1/ Get a cup of coffee. In this thread, I'll walk you thr…

2/

Recently, I watched 2 probability "mini-lectures" on YouTube by Nassim Taleb.

One ~10 min lecture covered SD and MAD. The other ~6 min lecture covered Fat Tails.

In these ~16 mins, @nntaleb shared so many useful nuggets that I had to write this thread to unpack them.

3/

For those curious, here are the YouTube links to the lectures:

SD and MAD (~10 min): https://t.co/0TwubymdE6

Fat Tails (~6 min): https://t.co/OoPnJLjPBN

4/

The first thing to understand is the concept of a Random Variable.

In essence, a Random Variable is a number that depends on a random event.

For example, when we roll a die, we get a Random Variable -- a number from the set {1, 2, 3, 4, 5, 6}.

5/

Every Random Variable has a Probability Distribution.

This tells us all the possible values the Random Variable can take, and their respective probabilities.

For example, when we roll a fair die, we get a Random Variable with this Probability Distribution:

6/

A fair die has a very simple Probability Distribution: there are only 6 possibilities, and all of them are equally likely (with probability 1/6 each).

What if our Random Variable is something more complicated?

For example, the height of a randomly chosen US adult.

7/

Now, we have more than 6 possibilities.

Any number between, say, 4 ft and 8 ft, is a possibility.

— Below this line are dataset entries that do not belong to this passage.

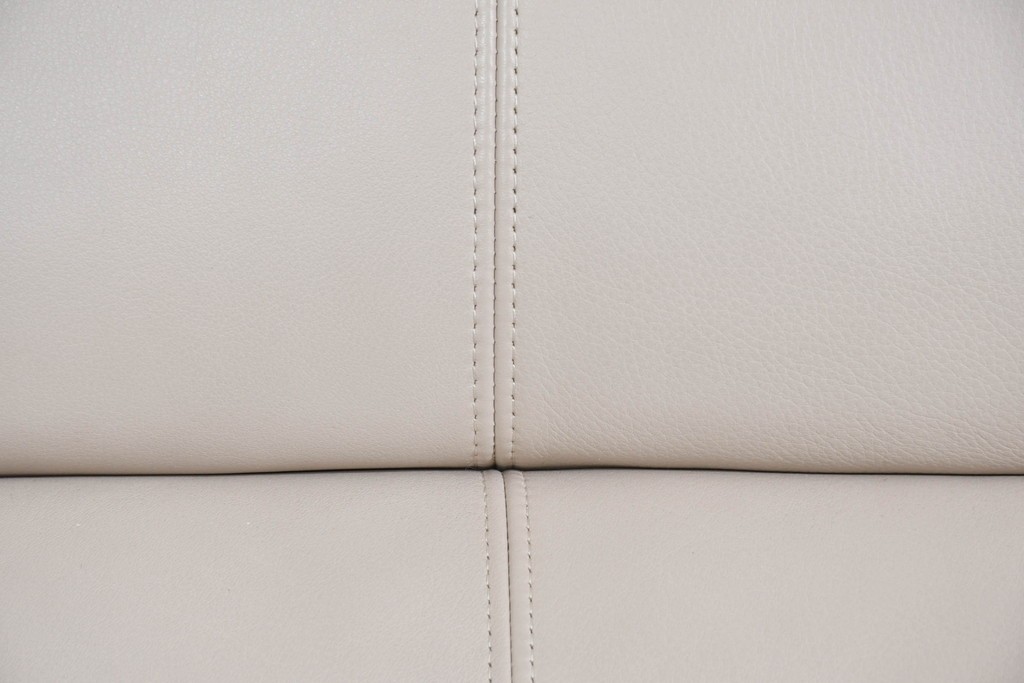 中古　カリモク家具(karimoku)　オーク材　本革(レザー)　ナチュラルモダンな3人掛けソファ　定価約28万円　(R-087544)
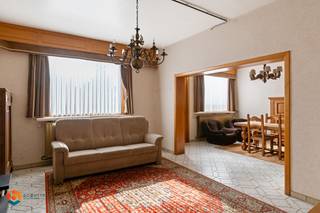 Op een uitstekende locatie te Putte (Peulis) bevindt zich deze te renoveren woning met 5 slaapkamers, garage en aanhorigheden op een fantastisch perceel van maar liefst 10.000 m². U geniet hier van een uitstekende bereikbaarheid door de aanwezigheid van belangrijke invalswegen, toch vlakbij het centrum met winkels, scholen en het openbaar vervoer.<br /><br />Het betreft een zonevreemde woning die u mogelijks ook kunt afbreken en heropbouwen tot 1000 m³. Een recent opmetingsplan (lot 1) vindt u bij downloads op onze website.<br /><br />We betreden de woning via de inkomhal. De leefruimte geniet van een mooie lichtinval door de vele raampartijen, waardoor u kan genieten van een prachtig verzicht op de tuin en naastgelegen weilanden. U kunt de woonkamer daarbij inrichten met een aparte eetplaats en een gezellige zithoek. Vanuit de leefruimte betreden we de keuken. Aansluitend bevindt zich een badkamer en toilet, wasplaats en een aparte berging. Het gelijkvloers beschikt verder nog over een eerste slaapkamer, ruime schuur en garage. De nachthal op de eerste verdieping geeft ons toegang tot 4 slaapkamers. Tenslotte is deze woning voorzien van een kelder en een opbergzolder. In de royale tuin en op het prachtig perceel kan u in alle rust genieten van de groene omgeving en het mooie weer. <br /><br />U bent verplicht om deze woning binnen de 5 jaar na aankoop grondig energetisch te renoveren tot minimum EPC-label D.<br /><br />Dit is een uitstekende opportuniteit als u op zoek bent naar een woning gelegen op een uniek perceel van 10.000 m². Contacteer ons voor meer informatie op 0474/78 07 73 of via info@boonstravastgoed.be<br /><br />Bijzonderheden:<br />- 5 slaapkamers<br />- Veel mogelijkheden<br />- Fantastisch perceel (10.000 m²)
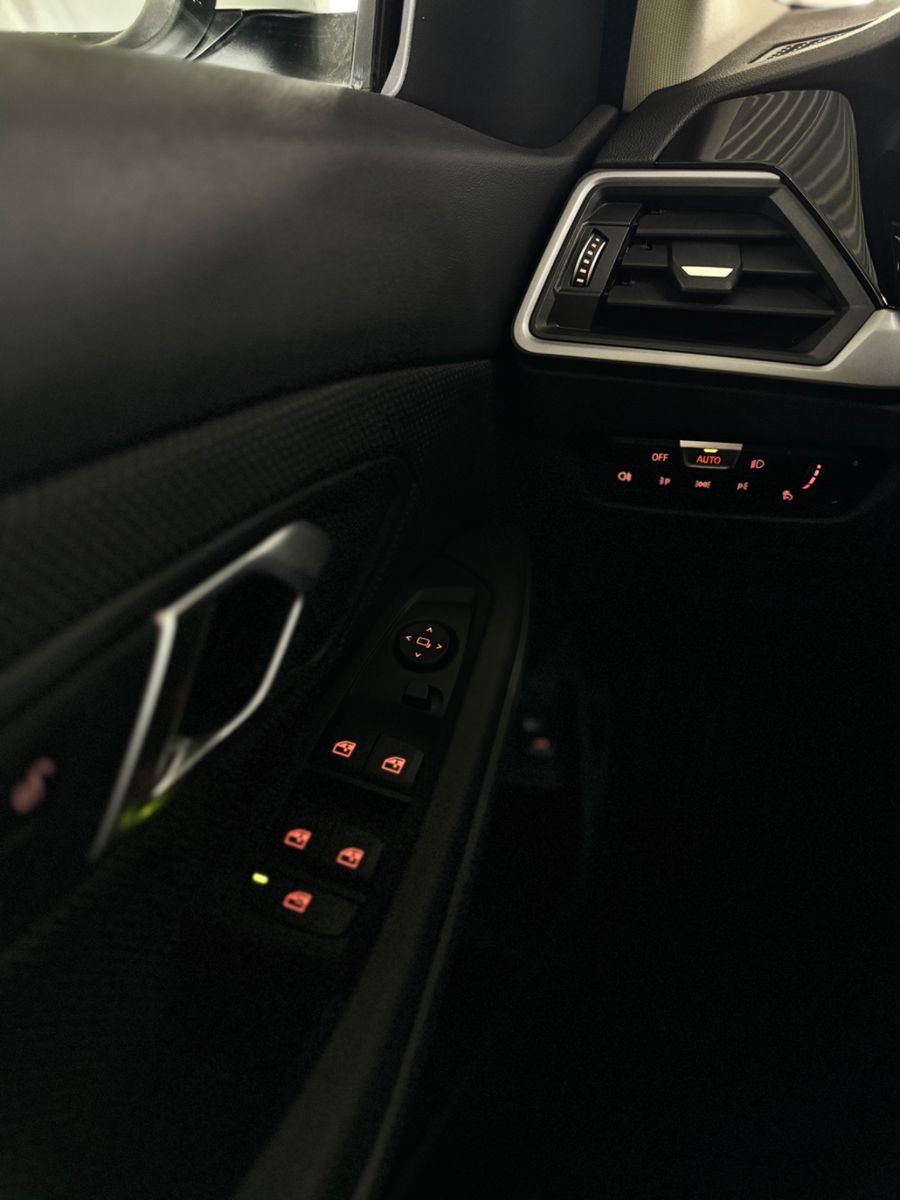 Fahrzeugabbildung BMW 330e Advantage DAB CockPit+ Sitzheizung PDC LED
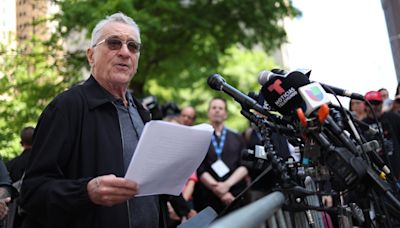 Robert De Niro, Capitol police officers slam Trump outside New York hush money trial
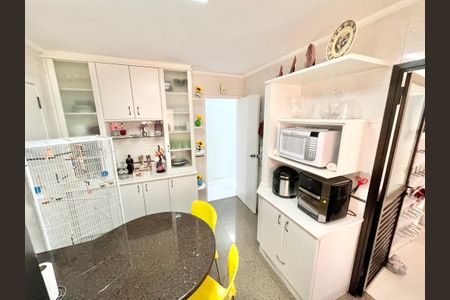 Apartamento à venda com 120m², 3 quartos e 3 vagas Apartamento à venda com 120m², 3 quartos e 3 vagasCozinha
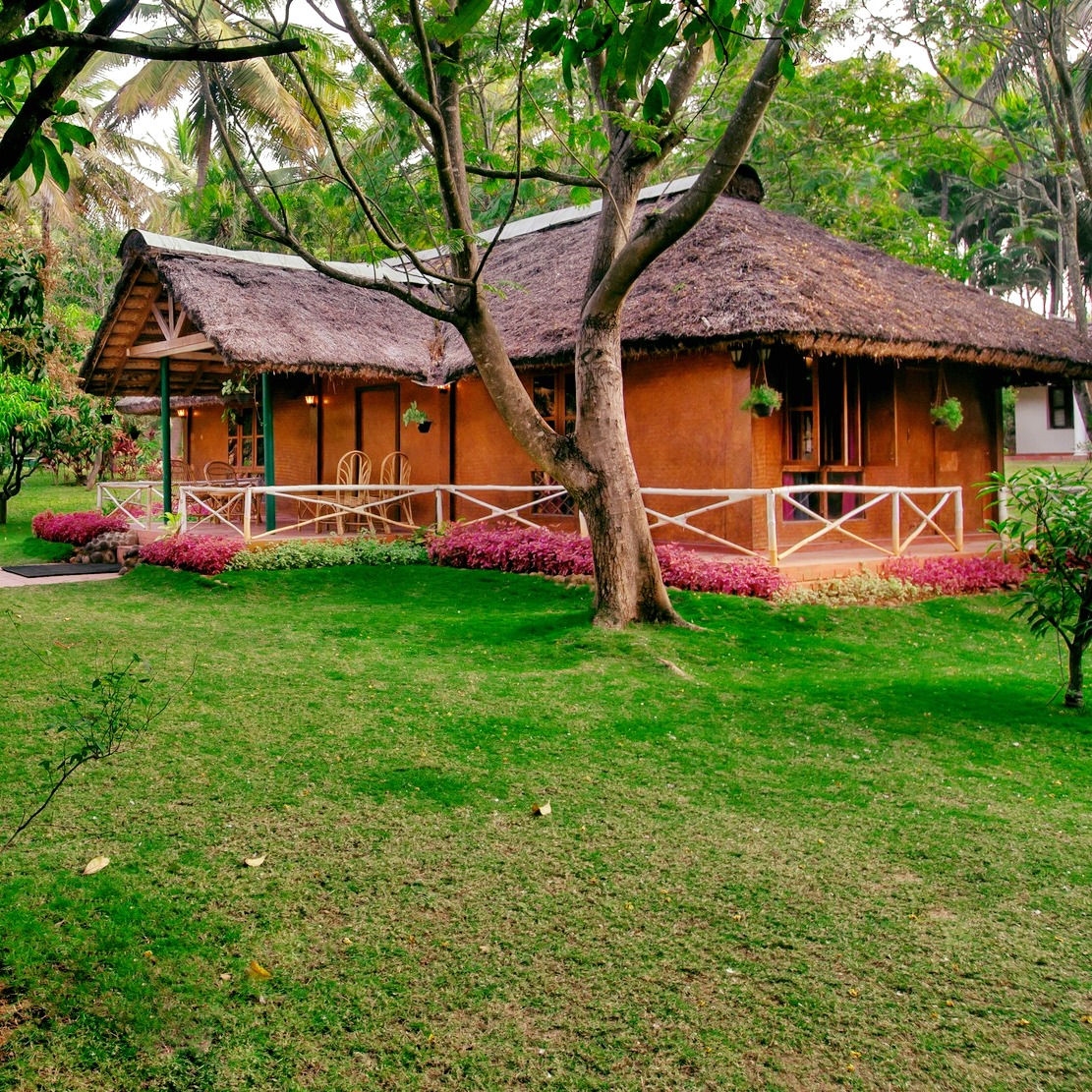 Heritage Cottage Exterior Big Banyan Vineyard & Resort (2)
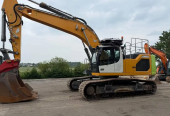 Liebherr R 945 S-HD – GBP 155,000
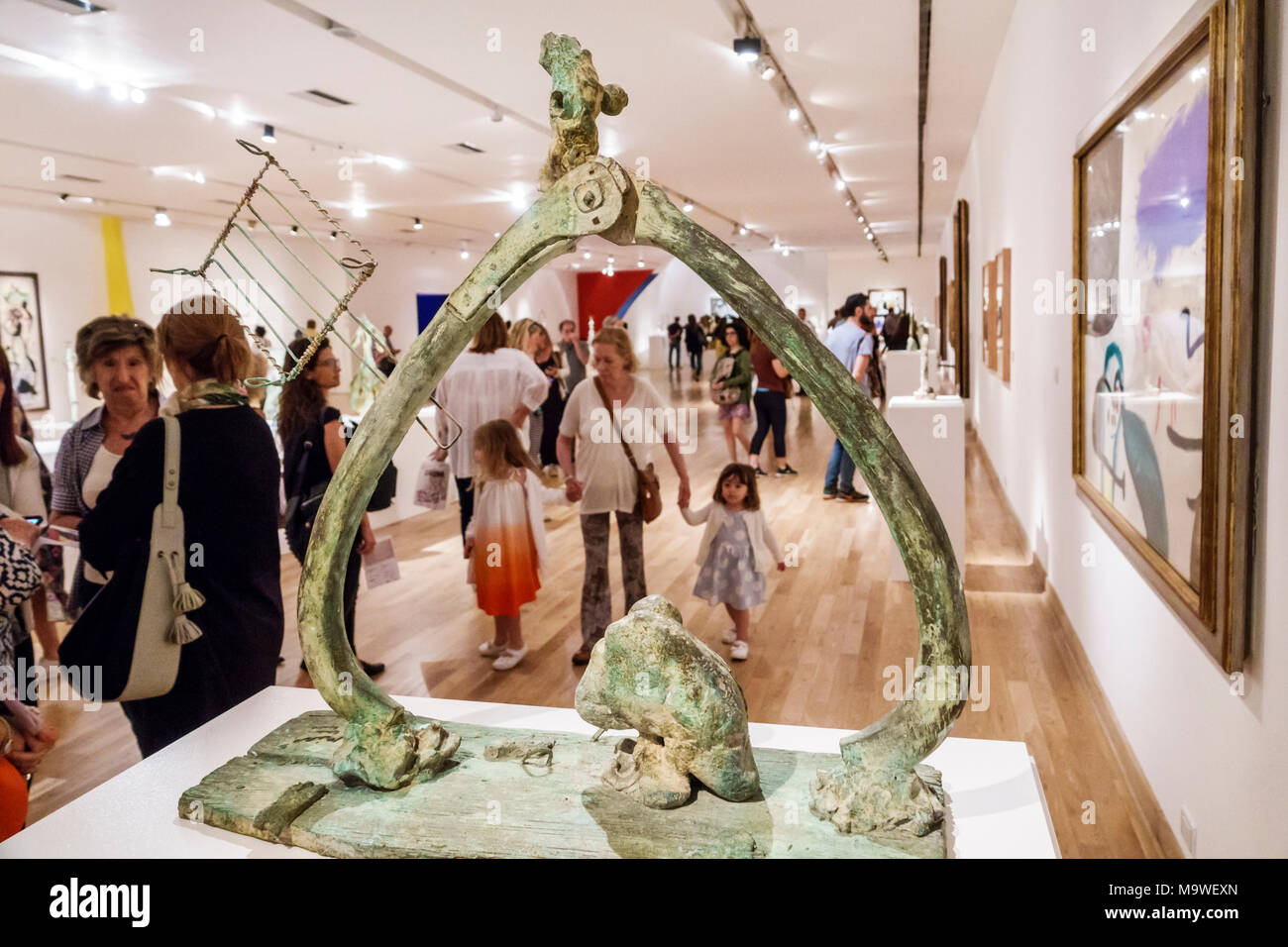 Buenos Aires Argentinien, Recoleta, Museo Nacional de Bellas Artes Kunstmuseum, innen, Ausstellungsausstellung Sammlung Skulptur, Joan Miro, Frau fema Stockfoto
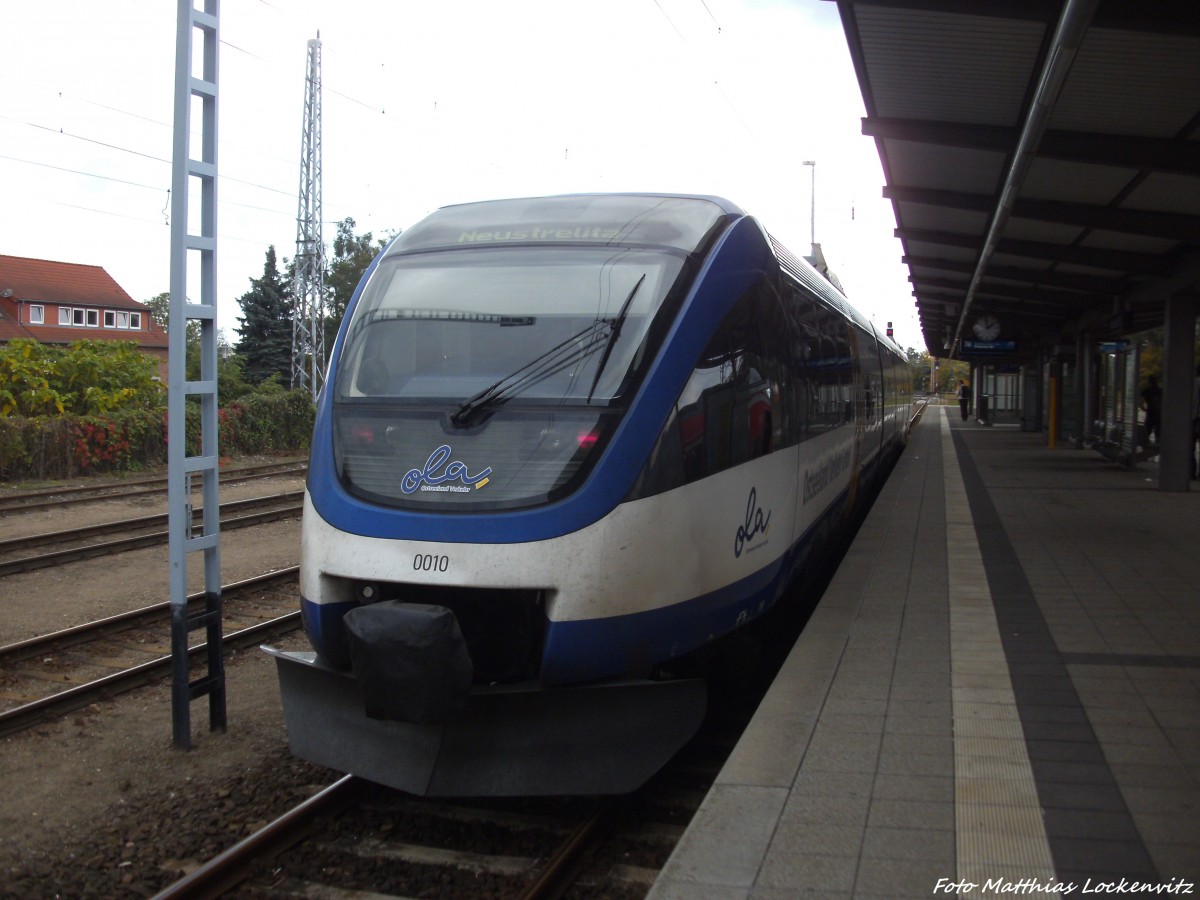 OLA VT 0010 mit ziel Stralsund Hbf im bahnhof Neustrelitz Hbf am 7.10.13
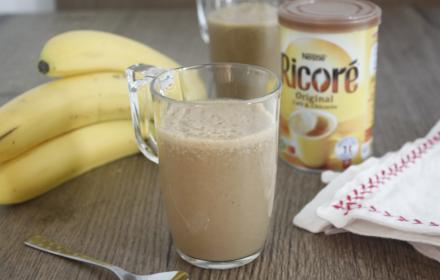 Milk-shake à la banane avec RICORÉ® Original, Café & Chicorée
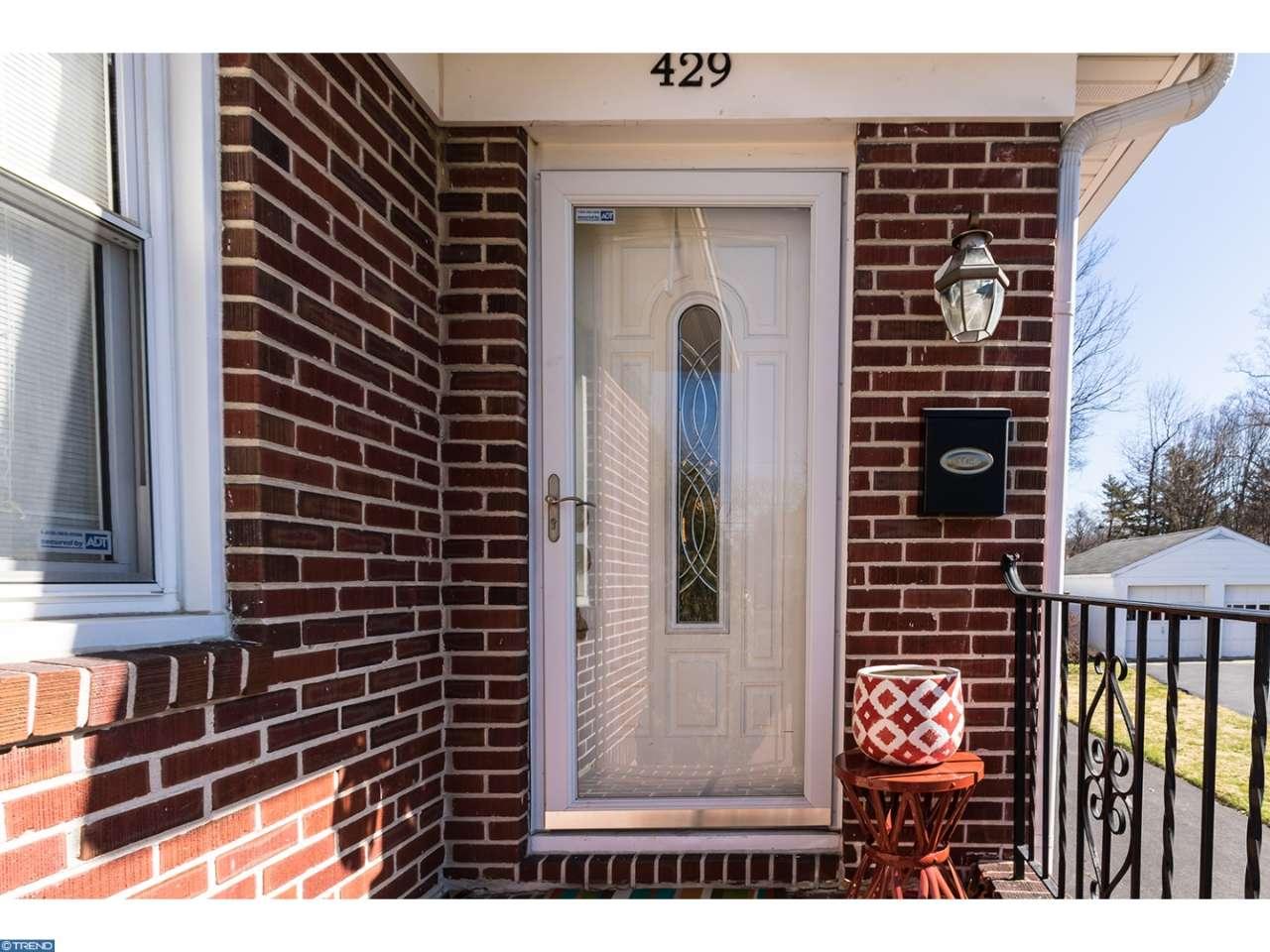 427 Mansfield Ave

There are infinitely many such numbers.

And they're not all equally likely. The extremes (4 ft, 8 ft) are rare. Most people fall in a narrow range around, say, 5.5 ft.

8/

The Gaussian Distribution is usually a good fit for this.

The average height (say, 5.5 ft) is the most likely scenario.

As we go further from the average on either side, the probabilities drop off sharply.

Like so:

9/

More precisely, the Y-axis above shows probability *densities*, not actual probabilities.

That is, we only look at height *ranges* (eg, 5 ft to 6ft), not individual heights.

For every such range, the area under the curve is the probability of lying in the range.

Like so:

10/

This is a wonderful connection between probability and geometry: we calculate probabilities by measuring areas under curves.

The total area under a probability density curve has to be 1, reflecting a 100% chance of an outcome between -infinity and +infinity.

11/

Given a distribution like this, we can ask 2 questions to try to understand it better:

First, what's the population *average*? (Also called *mean* or *expectation*, here 5.5 ft).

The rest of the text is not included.